(WORK INSTRUCTION):
Set down the listing exactly as given, minus images.

*** DATASET EXCERPT ***

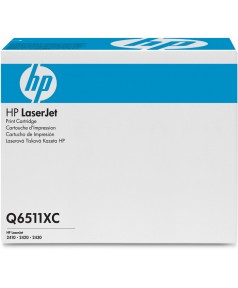 Q6511XC / Q6511X № 11X Картридж для HP LJ 2410/ 2420/ 2430 (12000 стр.)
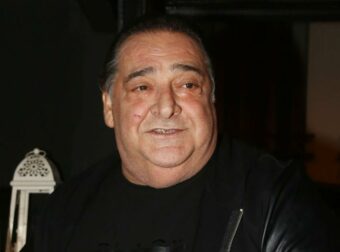 Βασίλης Καρράς: Διέρρευσε το νέο του ακυκλοφόρητο τραγούδι 2,5 χρόνια μετά τον θάνατό του (Βίντεο)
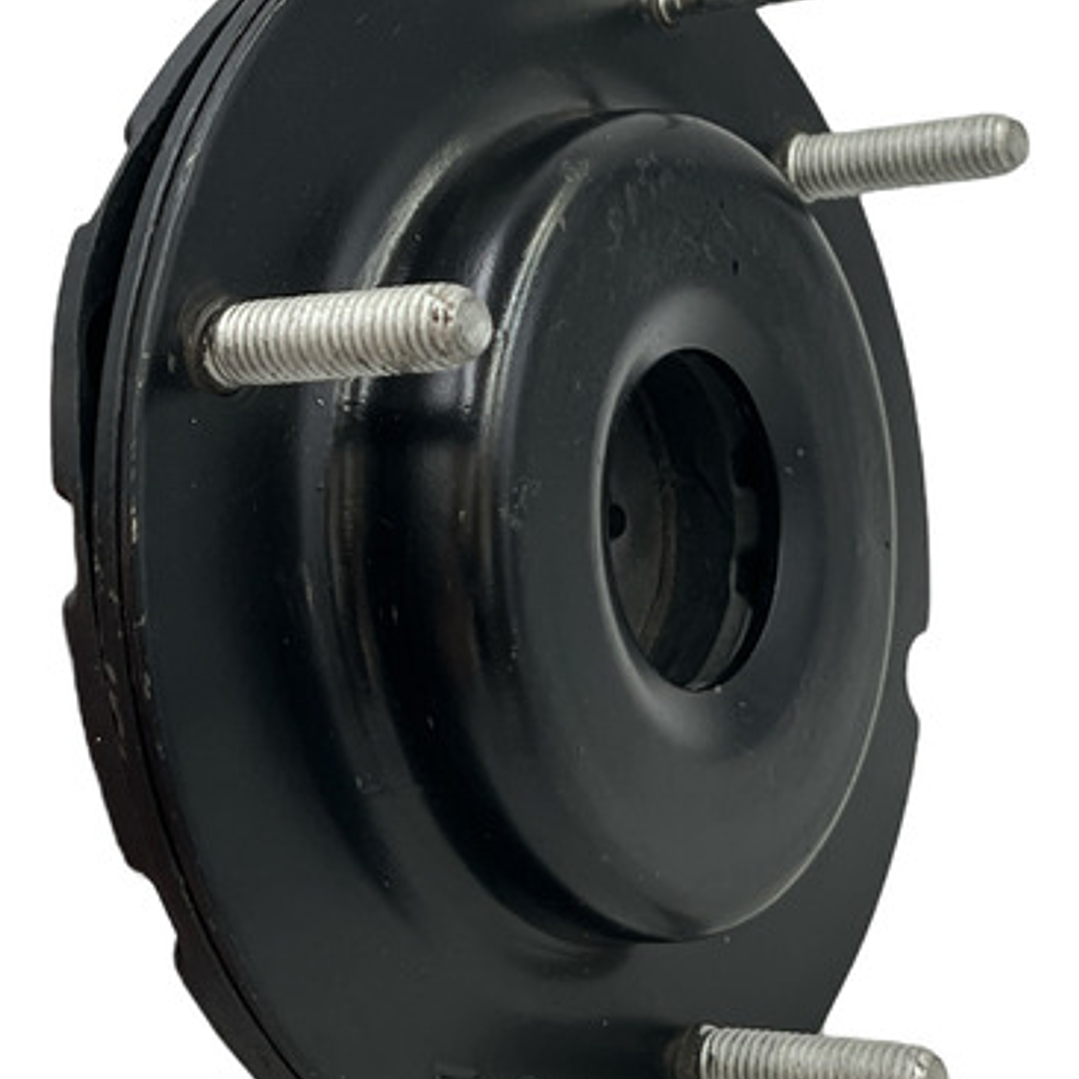 Cazoleta Delantera Derecha Para Peugeot 508 1.6 2012-2018 3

*** End of DATASET EXCERPT ***

(EXPECTED OUTPUT):
 Q6511XC / Q6511X № 11X Картридж для HP LJ 2410/ 2420/ 2430 (12000 стр.)
 Βασίλης Καρράς: Διέρρευσε το νέο του ακυκλοφόρητο τραγούδι 2,5 χρόνια μετά τον θάνατό του (Βίντεο)
 Cazoleta Delantera Derecha Para Peugeot 508 1.6 2012-2018 3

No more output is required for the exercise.